Thanks for the feedback so far guys.
xtiTony - my understanding was that there's not an open RAID standard that supports the use of different sized drives. From what you're saying though some do allow you to add additional ddrives without a rebuild? I checked RAID 6 and from what I can tell all it adds if greater resilience, not drive handling flexibility. JBOD is no good to me as resilience is one of my key requirements. Sounds like it works well for you, but not sure it'll give me the flexibility I need as I add adhoc drives in the future.

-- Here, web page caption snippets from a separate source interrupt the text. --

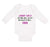 Long Sleeve Bodysuit Baby Sorry Boys Dad Says Allowed Date Father's Cotton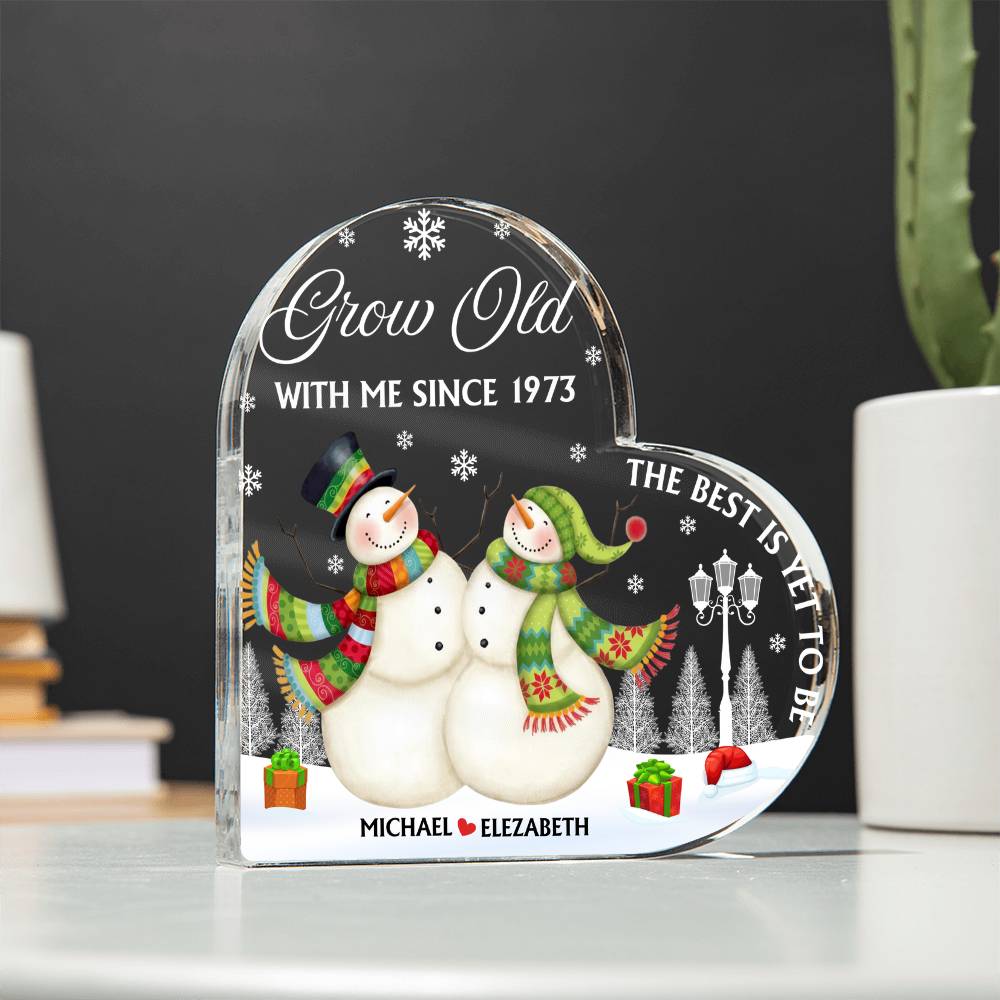 Personalized Love Plaque with Year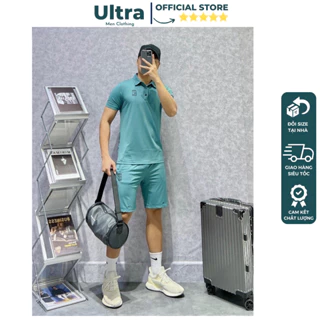 Bộ thể thao nam Adidas cao cấp mùa hè chất mát chuẩn phom xịn đẹp Ultra UH4-0112 Set thể thao nam cộc tay hè 2024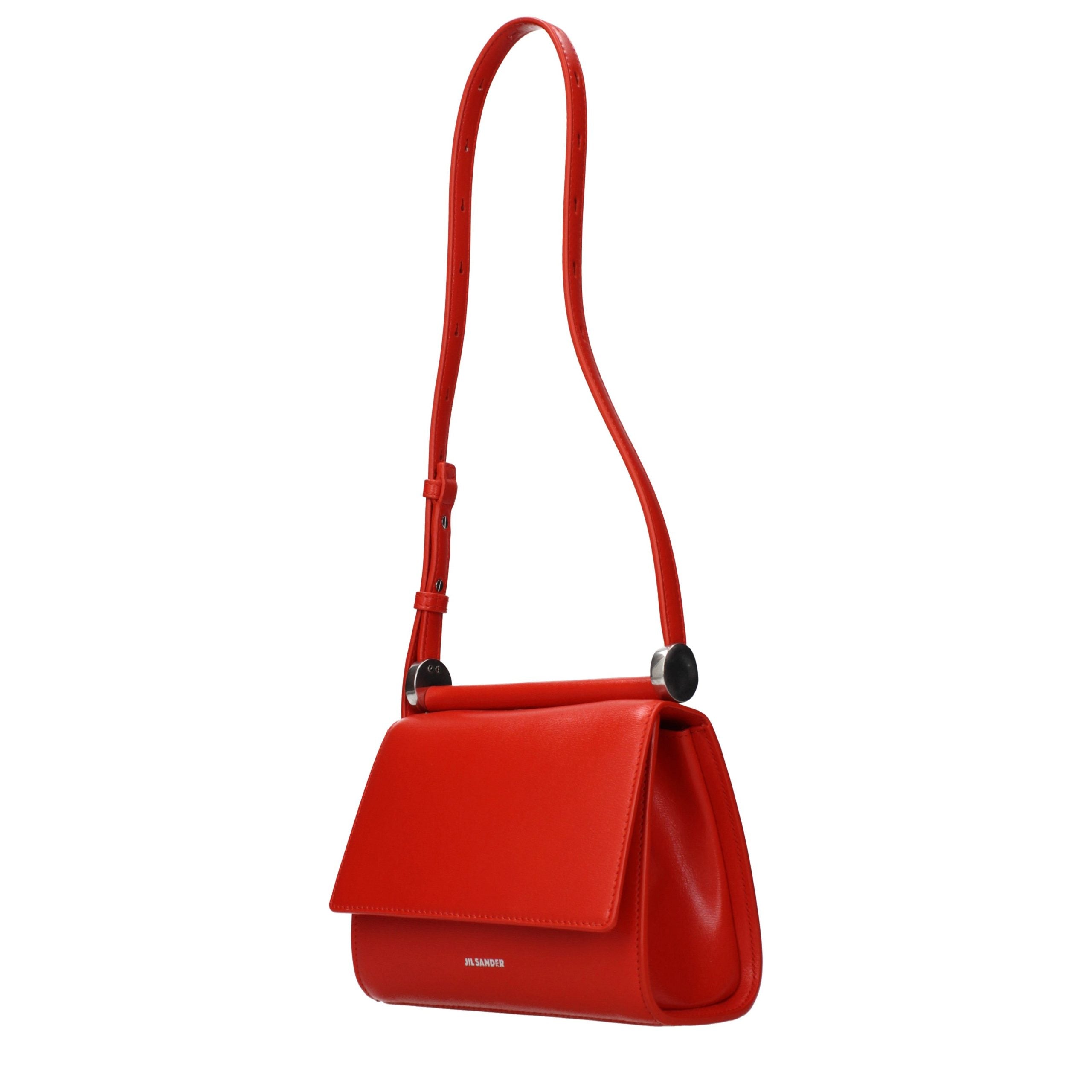 Red Leather Shoulder Bag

Muxoman - sounds like you've been through the same hoops as I'm considering. In the past I've built all my own PCs and servers, but in this case I'm heavily leaning towards a prebuilt one - there seem to be a few dencent ones available and the cost isn't hideous. From what I've seen I'd expect WHS to perform faster than a NAS - good to hear that's your experience too. Nice to hear you've not hit on any huge pitfalls with it just yet.

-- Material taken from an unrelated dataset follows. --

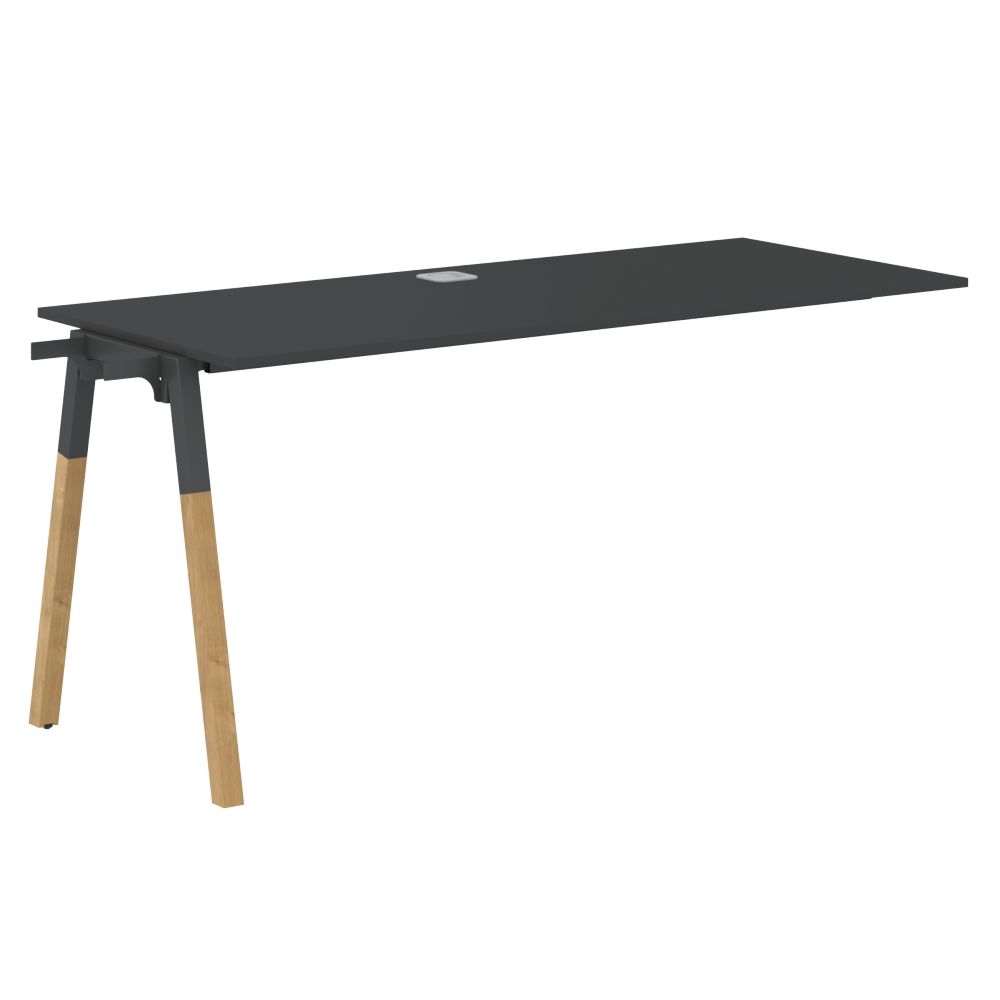 Рабочая станция Forta FIST 1567 Черный графит Дуб Гамильтон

Tikker - the Linksys looks good, but I really am after an all in one storage server with built in resilience.
Overall I'm still leaning towards WHS. Sounds like it performs well, and as its cheaper than the NAS options I could make up for the less efficient resilience by using extra disks. One associated question though - I'd ideally want to use eSATA for adding extra storage. Does anyone know of a cost effective multi drive external chassis with eSATA connectivity? I really don't want mutliple external drives cluttering the place up...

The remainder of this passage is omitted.